Axidava

Why We Weep

In justice to ourself we desire to state that the Cheyenne Sun has villified us and placed us in a false position before the public.

It has stated that while at Rock Creek station, in the early part of the week, we were taken for a peanutter, and otherwise ill-treated at the railroad eating corral and omelette emporium, and that in consequence of such treatment we shed great, scalding tears as large as watermelons. This is not true. We did shed the tears as above set forth, but not because of ill-treatment on the part of the eating-house proprietor.

It was the presence of death that broke our heart and opened the fountains of our great deep, so to speak, when we poured the glucose syrup on our pancakes, the stiff and cold remains of a large beetle and two cunning little twin cockroaches fell out into our plate, and lay there hushed in an eternal repose.
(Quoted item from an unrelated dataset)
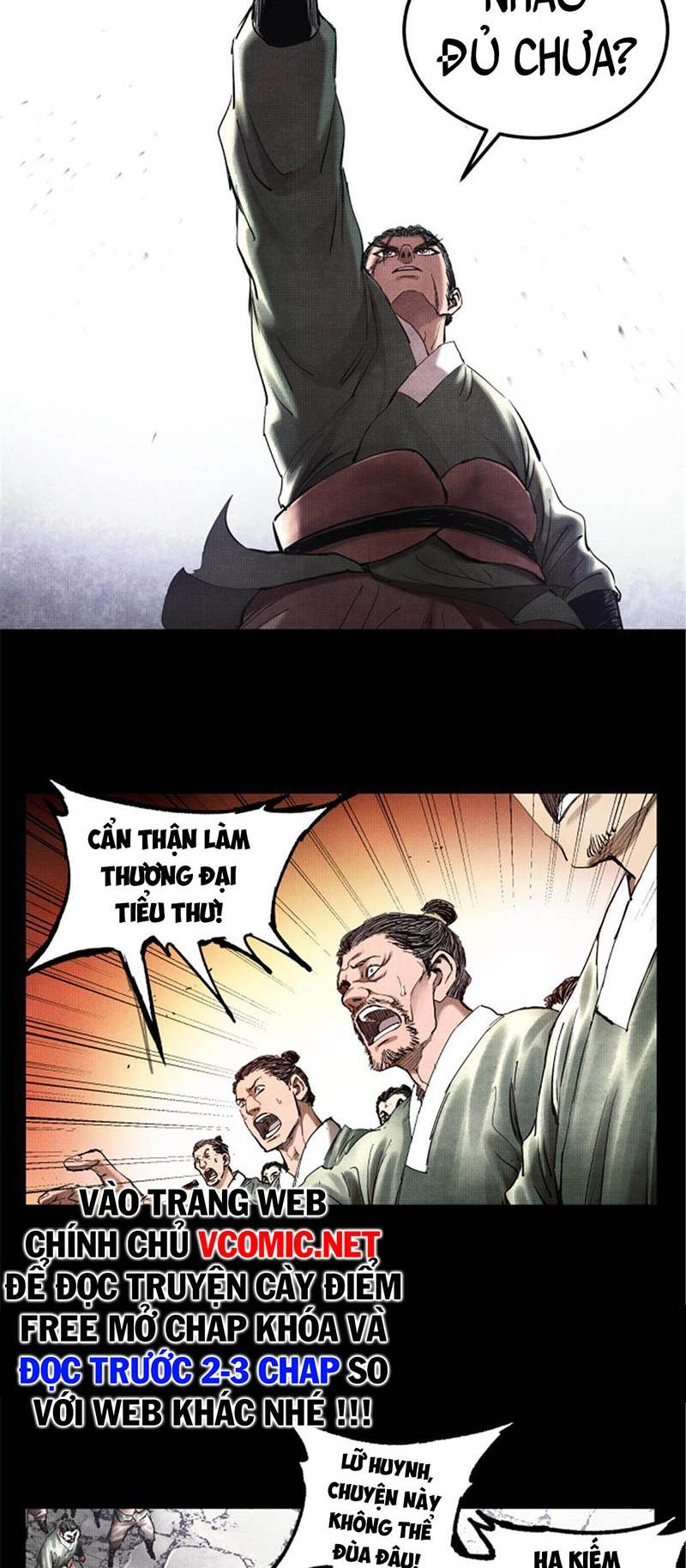 Thiên Hạ Đệ Nhất Lữ Bố Chapter 19 - Trang 2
Death to us is all powerful. The King of Terrors is to us the mighty sovereign before whom we must all bow, from the mighty emperor down to the meanest slave, from the railroad superintendent, riding in his special car, down to the humblest humorist, all alike must some day curl up and die. This saddens us at all times, but more peculiarly so when Death, with his relentless lawn-mower, has gathered in the young anu innocent. This was the case where two little twin cockroaches, whose lives had been unspotted, and whose years had been unclouded by wrong and selfishness were called upon to meet death together. In the stillness of the night, when others slept, these affectionate little twins crept into the glucose syrup and died.

We hope no one will misrepresent this matter. We did weep, and we are not ashamed to own it. We sat there and sobbed until the tablecloth was wet for four feet, and the venerable ham was floating around in tears. It was not for ourself, however, that we wept. No unkindness on the part of an eating house ever provoked such a tornado of woe. We just weep when we see death and are brought in close contact with it. And we were not the only one that shed tears. Dickinson and Warren wept, strong men as they were. Even the butter wept. Strong as it was it could not control its emotions.

We don’t very often answer a newspaper attack, but when we are accused of weeping till people have to take off their boots and wring out their socks, we want the public to know what it is for.